10 Must-Try Canning Recipes for Peppers and Veggies
Canning is an ancient preservation technique that allows you to savor the fresh flavors of your garden's bounty long after the harvesting season has ended. Whether you're a seasoned canner or new to the process, these ten must-try canning recipes for peppers and vegetables will inspire you to fill your pantry with delicious, home-preserved treats.
Pickled Jalapeno Slices
If you love a little heat with your meals, pickled jalapeno slices are a must-have.
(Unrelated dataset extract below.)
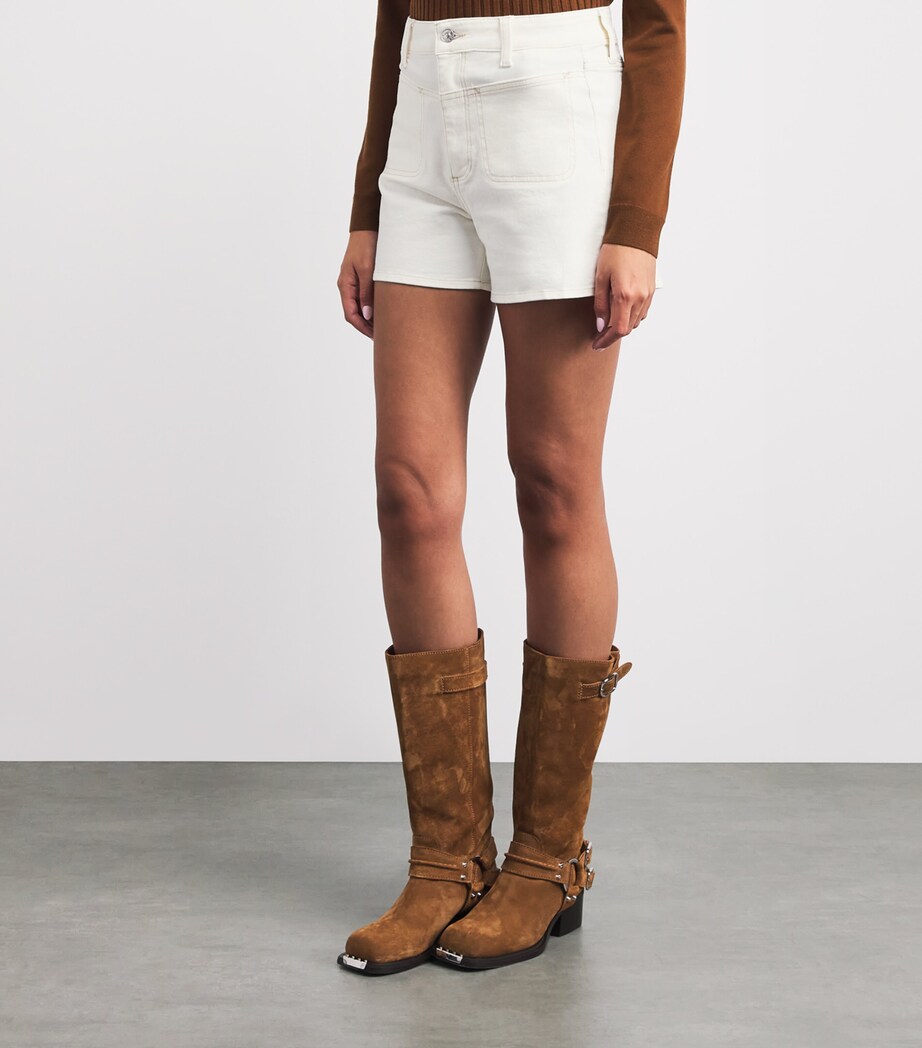 PAIGE Womens Denim Dani Shorts Toasted Ecru Image 4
Here’s how you can prepare these fiery additions:
- Preparation: Slice 1 lb of jalapenos into 1⁄4 inch rounds.
- Brine: Combine 2 cups white vinegar, 2 cups water, 2 tablespoons pickling salt, and 1 tablespoon sugar. Bring to a boil.
- Canning: Pack jalapeno slices into sterilized jars, leaving 1⁄2 inch headspace. Pour the hot brine over the peppers.
- Processing: Water bath canning for 10 minutes.
🌶️ Note: If you prefer a milder heat, consider removing the seeds before canning.
Roasted Tomato Salsa
Nothing beats homemade salsa, especially when it’s made with homegrown tomatoes. This recipe keeps the summer spirit alive:
- Roasting: Roast 4 lbs of tomatoes, 2 bell peppers, and 6 jalapenos at 450°F until charred. Let cool.
- Blending: Pulse in a food processor with 1 large onion, garlic, and fresh cilantro. Season with salt and lime juice.
- Canning: Fill jars, leaving 1⁄2 inch headspace.
- Processing: Use a pressure canner at 10 lbs pressure for 25 minutes.
Spicy Pickled Carrots
Spicy pickled carrots are a crunchy delight that adds zest to any dish. Here’s the recipe:
- Vegetables: Cut 2 lbs of carrots into 2-inch sticks. Slice 1 onion thinly.
- Brine: Mix 2 cups vinegar, 2 cups water, 1⁄2 cup sugar, and 2 tablespoons salt. Heat until the sugar and salt dissolve. Add spices like mustard seeds, coriander, and chili flakes.
- Canning: Pack carrots and onions in jars, pour the hot brine over them.
- Processing: Water bath for 15 minutes.
🥕 Note: For even more flavor, consider adding a bay leaf or two to each jar.
Mixed Veggie Relish
A versatile condiment, this mixed veggie relish can accompany your meats, burgers, and sandwiches. Here’s how:
- Vegetables: Dice 1 cucumber, 2 green peppers, 2 red peppers, 2 onions, and shred 1 small cabbage.
- Brine: Soak in a saltwater solution overnight. Drain, rinse, and squeeze out excess water. Mix with 2 cups sugar, 1 cup vinegar, and 1 tbsp mustard seeds.
- Canning: Cook mixture for about 20 minutes, pack into jars.
- Processing: Water bath for 15 minutes.
Sweet and Hot Pepper Relish
This relish provides a sweet and spicy flavor profile perfect for your culinary creations:
- Peppers: Seed and chop 2 lbs of bell peppers (both sweet and hot).
- Brine: Combine 1 1⁄2 cups vinegar, 1 1⁄2 cups sugar, and 2 teaspoons mustard seeds. Simmer until peppers are softened.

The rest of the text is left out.